La definizione di “fragilità fisica e sarcopenia” si basa sull’utilizzo di una batteria validata di test funzionali, la Short Physical Performance Battery (SPPB), che misura la performance funzionale della persona anziana attraverso test di equilibrio, deambulazione e forza muscolare in maniera standardizzata e ne qualifica l’espressione clinica. L’altra componente della condizione, la sarcopenia, viene misurata in maniera oggettiva attraverso la DEXA, un esame radiologico in tutto simile a quello effettuato per la diagnosi di osteoporosi.

In tutto, 760 partecipanti hanno effettuato l’intervento combinato di attività fisica con supporto tecnologico e nutrizione e 759 hanno partecipato a un percorso di seminari sull’invecchiamento in salute (controlli). Tutti i 1519 partecipanti sono stati monitorati fino a 36 mesi.

Il gruppo di intervento ha ricevuto 2 volte alla settimana sessioni di attività fisica di moderata intensità presso il centro di studio e fino a 4 volte alla settimana a casa. Le attività proposte comprendevano sessioni di camminata a passo sostenuto, esercizi di rinforzo muscolare prevalentemente degli arti inferiori, esercizi di equilibrio ed esercizi di flessibilità. Tutte le attività erano personalizzate in base alle capacità e alle limitazioni di ciascun partecipante ed erano eseguite senza il ricorso ad attrezzature specifiche. La quantità di attività fisica praticata è stata misurata periodicamente attraverso un actimetro posizionato sulla coscia per 7 giorni. Questa informazione è stata utilizzata dagli istruttori per monitorare i progressi di ciascuno e personalizzare la prescrizione del tipo e dell’intensità di attività fisica. Tutti i partecipanti hanno poi ricevuto consulenze nutrizionali personalizzate, corredate da piani dietetici individuali, per ottimizzare il consumo di calorie e proteine con la dieta.

I partecipanti del gruppo di controllo hanno ricevuto una volta al mese una formazione sull’invecchiamento sano e un breve programma di esercizi di stretching per la parte superiore del corpo o tecniche di rilassamento.

Tra i partecipanti che all’inizio dello studio presentavano una maggiore compromissione della funzione fisica (punteggio alla SPPB di 3-7), la disabilità motoria si è verificata nel 47% di quelli assegnati all’intervento attivo e nel 53% dei controlli.

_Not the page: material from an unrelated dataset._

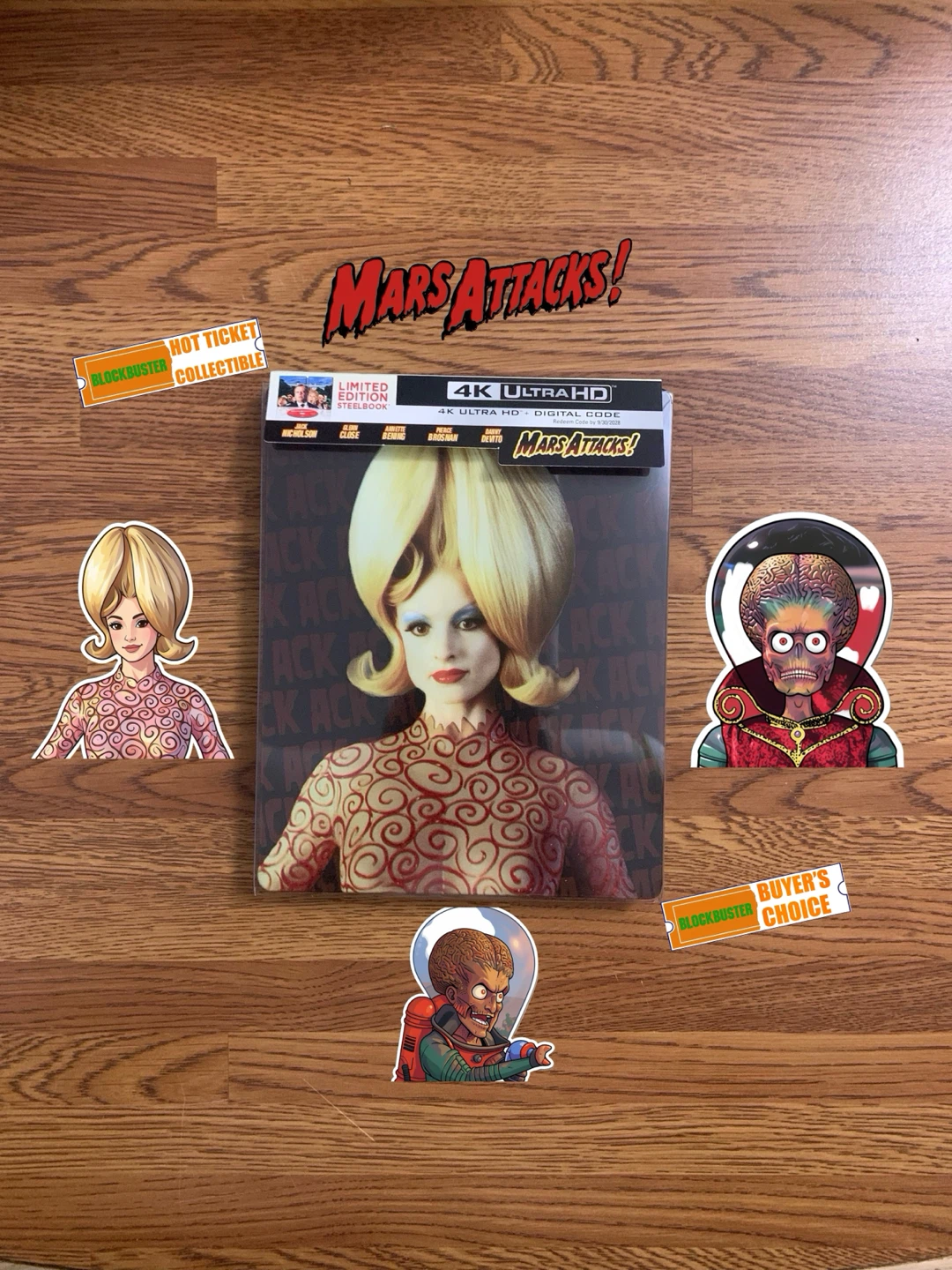 Mars Attacks! (LE Steelbook) UHD-BD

La funzione fisica, valutata attraverso il cambiamento del punteggio della SPPB, è migliorata maggiormente nel gruppo di intervento che nei controlli sia a 24 mesi che a 36 mesi.

Le donne nel gruppo di intervento hanno perso meno forza muscolare e meno massa muscolare in braccia e gambe rispetto alle donne del gruppo di controllo, mentre nessuna differenza significativa tra intervento e controllo è stata osservata negli uomini.

In un’analisi separata condotta nei partecipanti con una migliore capacità motoria di base (punteggi SPPB di 8 o 9 all’inizio dello studio), l’intervento non ha modificato il rischio di sviluppare disabilità motoria e ha avuto effetti marginali sulle prestazioni fisiche.

I ricercatori dello studio SPRINTT concludono che l’intervento testato “può essere proposto come una strategia per preservare la mobilità nelle persone anziane a rischio di disabilità”.

Questa nuova evidenza conferma i benefici dell’attività fisica strutturata negli anziani che vivono in comunità, dice Thomas Gill, professore alla Yale School of Medicine nell’editoriale di presentazione dell’articolo pubblicato a sua volta sul British Medical Journal. Gill riconosce che può essere impegnativo tradurre nella pratica clinica i risultati degli studi anche quando progettati in maniera rigorosa, ma sostiene che le evidenze ottenuto da SPRINTT, insieme a quelli di un altro grande studio statunitense, il LIFE Study, “forniscono prove convincenti che la capacità di muoversi in maniera indipendente può essere preservata negli anziani fragili residenti in comunità attraverso l’attività fisica, con il camminare come modalità principale”. Curiosamente anche lo studio LIFE è stato coordinato da un ricercatore italiano, il professor Marco Pahor della Univeristy of Florida, a sottolineare l’eccellenza del nostro Paese nella ricerca per l’invecchiamento di successo.